[Collected data]
================================
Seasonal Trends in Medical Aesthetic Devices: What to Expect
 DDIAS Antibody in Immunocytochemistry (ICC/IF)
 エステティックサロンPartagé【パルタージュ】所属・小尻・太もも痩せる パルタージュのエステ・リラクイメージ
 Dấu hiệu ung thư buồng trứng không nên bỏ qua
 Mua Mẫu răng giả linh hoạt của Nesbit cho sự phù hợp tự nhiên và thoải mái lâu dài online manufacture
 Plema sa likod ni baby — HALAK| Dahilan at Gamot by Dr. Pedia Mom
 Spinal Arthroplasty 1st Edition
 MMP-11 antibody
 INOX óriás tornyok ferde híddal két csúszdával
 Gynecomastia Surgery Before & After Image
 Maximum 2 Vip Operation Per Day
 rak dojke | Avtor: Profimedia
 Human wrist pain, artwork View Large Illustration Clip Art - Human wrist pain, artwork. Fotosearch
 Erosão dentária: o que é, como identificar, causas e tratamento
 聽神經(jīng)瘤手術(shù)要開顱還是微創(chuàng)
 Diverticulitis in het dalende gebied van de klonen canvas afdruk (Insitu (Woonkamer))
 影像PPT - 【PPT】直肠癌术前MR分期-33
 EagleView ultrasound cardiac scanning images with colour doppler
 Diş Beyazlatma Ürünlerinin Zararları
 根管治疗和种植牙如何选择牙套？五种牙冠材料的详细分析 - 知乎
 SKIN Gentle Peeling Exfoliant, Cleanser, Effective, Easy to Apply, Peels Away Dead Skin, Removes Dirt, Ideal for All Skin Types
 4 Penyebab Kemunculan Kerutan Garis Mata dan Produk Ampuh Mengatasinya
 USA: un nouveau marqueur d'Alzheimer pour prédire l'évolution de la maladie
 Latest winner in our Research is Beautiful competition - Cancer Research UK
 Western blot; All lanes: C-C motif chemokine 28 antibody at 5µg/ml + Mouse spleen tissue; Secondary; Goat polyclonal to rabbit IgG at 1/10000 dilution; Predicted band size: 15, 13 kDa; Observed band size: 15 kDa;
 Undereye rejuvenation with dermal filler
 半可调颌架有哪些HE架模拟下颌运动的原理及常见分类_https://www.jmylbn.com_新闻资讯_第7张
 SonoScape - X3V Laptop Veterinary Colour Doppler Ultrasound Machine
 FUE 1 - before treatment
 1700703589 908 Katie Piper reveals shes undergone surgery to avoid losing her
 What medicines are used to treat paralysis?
================================
TASK BRIEF
Pull out every line of the entries that includes the word "with".

ANSWER TO THE EXERCISE
 EagleView ultrasound cardiac scanning images with colour doppler
 Undereye rejuvenation with dermal filler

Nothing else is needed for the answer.